• ACTIVITY
Please transcribe every entry below exactly as written.

• STORED DATA
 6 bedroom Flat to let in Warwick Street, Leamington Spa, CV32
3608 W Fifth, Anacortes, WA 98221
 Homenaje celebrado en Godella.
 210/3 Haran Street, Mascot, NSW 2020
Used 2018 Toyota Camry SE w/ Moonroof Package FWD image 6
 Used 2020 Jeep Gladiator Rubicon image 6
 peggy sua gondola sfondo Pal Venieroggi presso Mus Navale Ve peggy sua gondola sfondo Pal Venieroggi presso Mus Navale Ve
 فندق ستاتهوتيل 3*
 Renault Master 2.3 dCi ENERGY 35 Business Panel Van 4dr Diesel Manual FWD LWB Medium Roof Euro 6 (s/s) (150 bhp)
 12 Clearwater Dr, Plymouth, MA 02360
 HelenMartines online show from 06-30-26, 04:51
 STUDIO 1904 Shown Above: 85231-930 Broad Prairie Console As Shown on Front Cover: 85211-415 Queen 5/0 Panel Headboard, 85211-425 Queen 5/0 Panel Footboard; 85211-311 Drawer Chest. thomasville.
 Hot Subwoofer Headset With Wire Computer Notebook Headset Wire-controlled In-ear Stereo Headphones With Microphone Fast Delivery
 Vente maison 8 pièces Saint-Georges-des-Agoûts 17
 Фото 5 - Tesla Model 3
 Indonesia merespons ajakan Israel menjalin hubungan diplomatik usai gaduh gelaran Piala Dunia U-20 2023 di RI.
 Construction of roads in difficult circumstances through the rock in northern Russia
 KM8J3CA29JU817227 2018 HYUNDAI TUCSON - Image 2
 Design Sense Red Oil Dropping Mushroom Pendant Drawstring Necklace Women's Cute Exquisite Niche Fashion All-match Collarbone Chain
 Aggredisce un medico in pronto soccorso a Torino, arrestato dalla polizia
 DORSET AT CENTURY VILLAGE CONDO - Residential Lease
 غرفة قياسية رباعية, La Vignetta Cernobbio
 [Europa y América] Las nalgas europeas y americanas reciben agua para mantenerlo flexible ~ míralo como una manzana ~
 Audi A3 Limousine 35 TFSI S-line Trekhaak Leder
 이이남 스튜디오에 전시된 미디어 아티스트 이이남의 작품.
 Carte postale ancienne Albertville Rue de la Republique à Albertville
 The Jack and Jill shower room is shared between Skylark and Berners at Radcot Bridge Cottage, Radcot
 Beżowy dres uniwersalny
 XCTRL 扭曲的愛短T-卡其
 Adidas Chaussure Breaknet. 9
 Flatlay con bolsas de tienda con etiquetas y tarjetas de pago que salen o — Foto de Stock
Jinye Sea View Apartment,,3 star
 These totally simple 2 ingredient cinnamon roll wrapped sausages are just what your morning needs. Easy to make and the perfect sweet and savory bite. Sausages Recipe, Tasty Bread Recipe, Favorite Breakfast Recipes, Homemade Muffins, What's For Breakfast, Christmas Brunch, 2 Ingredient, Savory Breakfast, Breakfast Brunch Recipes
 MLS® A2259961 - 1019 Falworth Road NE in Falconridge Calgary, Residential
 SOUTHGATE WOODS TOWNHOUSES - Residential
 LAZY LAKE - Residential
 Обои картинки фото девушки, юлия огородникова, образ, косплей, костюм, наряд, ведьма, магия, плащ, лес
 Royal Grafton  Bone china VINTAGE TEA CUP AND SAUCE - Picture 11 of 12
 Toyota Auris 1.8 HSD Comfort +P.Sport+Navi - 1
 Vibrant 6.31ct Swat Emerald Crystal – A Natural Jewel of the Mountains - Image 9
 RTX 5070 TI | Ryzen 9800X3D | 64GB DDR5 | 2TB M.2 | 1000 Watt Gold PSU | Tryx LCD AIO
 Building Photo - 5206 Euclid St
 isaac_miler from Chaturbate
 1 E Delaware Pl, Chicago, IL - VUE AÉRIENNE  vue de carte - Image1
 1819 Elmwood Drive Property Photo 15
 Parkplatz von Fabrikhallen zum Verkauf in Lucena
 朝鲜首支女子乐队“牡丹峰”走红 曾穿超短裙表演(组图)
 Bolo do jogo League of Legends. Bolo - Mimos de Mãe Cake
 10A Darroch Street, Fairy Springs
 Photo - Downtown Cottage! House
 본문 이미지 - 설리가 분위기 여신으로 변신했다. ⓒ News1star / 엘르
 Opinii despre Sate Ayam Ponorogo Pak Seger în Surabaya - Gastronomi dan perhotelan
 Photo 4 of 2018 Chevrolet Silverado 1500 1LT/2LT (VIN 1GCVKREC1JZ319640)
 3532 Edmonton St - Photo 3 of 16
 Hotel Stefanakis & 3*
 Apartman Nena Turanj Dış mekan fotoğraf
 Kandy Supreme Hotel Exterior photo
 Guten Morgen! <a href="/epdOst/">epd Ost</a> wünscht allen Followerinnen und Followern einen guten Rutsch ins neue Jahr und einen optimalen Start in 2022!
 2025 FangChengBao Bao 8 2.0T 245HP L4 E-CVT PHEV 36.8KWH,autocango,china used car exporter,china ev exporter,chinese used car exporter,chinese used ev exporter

• ANSWER SPACE
 6 bedroom Flat to let in Warwick Street, Leamington Spa, CV32
3608 W Fifth, Anacortes, WA 98221
 Homenaje celebrado en Godella.
 210/3 Haran Street, Mascot, NSW 2020
Used 2018 Toyota Camry SE w/ Moonroof Package FWD image 6
 Used 2020 Jeep Gladiator Rubicon image 6
 peggy sua gondola sfondo Pal Venieroggi presso Mus Navale Ve peggy sua gondola sfondo Pal Venieroggi presso Mus Navale Ve
 فندق ستاتهوتيل 3*
 Renault Master 2.3 dCi ENERGY 35 Business Panel Van 4dr Diesel Manual FWD LWB Medium Roof Euro 6 (s/s) (150 bhp)
 12 Clearwater Dr, Plymouth, MA 02360
 HelenMartines online show from 06-30-26, 04:51
 STUDIO 1904 Shown Above: 85231-930 Broad Prairie Console As Shown on Front Cover: 85211-415 Queen 5/0 Panel Headboard, 85211-425 Queen 5/0 Panel Footboard; 85211-311 Drawer Chest. thomasville.
 Hot Subwoofer Headset With Wire Computer Notebook Headset Wire-controlled In-ear Stereo Headphones With Microphone Fast Delivery
 Vente maison 8 pièces Saint-Georges-des-Agoûts 17
 Фото 5 - Tesla Model 3
 Indonesia merespons ajakan Israel menjalin hubungan diplomatik usai gaduh gelaran Piala Dunia U-20 2023 di RI.
 Construction of roads in difficult circumstances through the rock in northern Russia
 KM8J3CA29JU817227 2018 HYUNDAI TUCSON - Image 2
 Design Sense Red Oil Dropping Mushroom Pendant Drawstring Necklace Women's Cute Exquisite Niche Fashion All-match Collarbone Chain
 Aggredisce un medico in pronto soccorso a Torino, arrestato dalla polizia
 DORSET AT CENTURY VILLAGE CONDO - Residential Lease
 غرفة قياسية رباعية, La Vignetta Cernobbio
 [Europa y América] Las nalgas europeas y americanas reciben agua para mantenerlo flexible ~ míralo como una manzana ~
 Audi A3 Limousine 35 TFSI S-line Trekhaak Leder
 이이남 스튜디오에 전시된 미디어 아티스트 이이남의 작품.
 Carte postale ancienne Albertville Rue de la Republique à Albertville
 The Jack and Jill shower room is shared between Skylark and Berners at Radcot Bridge Cottage, Radcot
 Beżowy dres uniwersalny
 XCTRL 扭曲的愛短T-卡其
 Adidas Chaussure Breaknet. 9
 Flatlay con bolsas de tienda con etiquetas y tarjetas de pago que salen o — Foto de Stock
Jinye Sea View Apartment,,3 star
 These totally simple 2 ingredient cinnamon roll wrapped sausages are just what your morning needs. Easy to make and the perfect sweet and savory bite. Sausages Recipe, Tasty Bread Recipe, Favorite Breakfast Recipes, Homemade Muffins, What's For Breakfast, Christmas Brunch, 2 Ingredient, Savory Breakfast, Breakfast Brunch Recipes
 MLS® A2259961 - 1019 Falworth Road NE in Falconridge Calgary, Residential
 SOUTHGATE WOODS TOWNHOUSES - Residential
 LAZY LAKE - Residential
 Обои картинки фото девушки, юлия огородникова, образ, косплей, костюм, наряд, ведьма, магия, плащ, лес
 Royal Grafton  Bone china VINTAGE TEA CUP AND SAUCE - Picture 11 of 12
 Toyota Auris 1.8 HSD Comfort +P.Sport+Navi - 1
 Vibrant 6.31ct Swat Emerald Crystal – A Natural Jewel of the Mountains - Image 9
 RTX 5070 TI | Ryzen 9800X3D | 64GB DDR5 | 2TB M.2 | 1000 Watt Gold PSU | Tryx LCD AIO
 Building Photo - 5206 Euclid St
 isaac_miler from Chaturbate
 1 E Delaware Pl, Chicago, IL - VUE AÉRIENNE  vue de carte - Image1
 1819 Elmwood Drive Property Photo 15
 Parkplatz von Fabrikhallen zum Verkauf in Lucena
 朝鲜首支女子乐队“牡丹峰”走红 曾穿超短裙表演(组图)
 Bolo do jogo League of Legends. Bolo - Mimos de Mãe Cake
 10A Darroch Street, Fairy Springs
 Photo - Downtown Cottage! House
 본문 이미지 - 설리가 분위기 여신으로 변신했다. ⓒ News1star / 엘르
 Opinii despre Sate Ayam Ponorogo Pak Seger în Surabaya - Gastronomi dan perhotelan
 Photo 4 of 2018 Chevrolet Silverado 1500 1LT/2LT (VIN 1GCVKREC1JZ319640)
 3532 Edmonton St - Photo 3 of 16
 Hotel Stefanakis & 3*
 Apartman Nena Turanj Dış mekan fotoğraf
 Kandy Supreme Hotel Exterior photo
 Guten Morgen! <a href="/epdOst/">epd Ost</a> wünscht allen Followerinnen und Followern einen guten Rutsch ins neue Jahr und einen optimalen Start in 2022!
 2025 FangChengBao Bao 8 2.0T 245HP L4 E-CVT PHEV 36.8KWH,autocango,china used car exporter,china ev exporter,chinese used car exporter,chinese used ev exporter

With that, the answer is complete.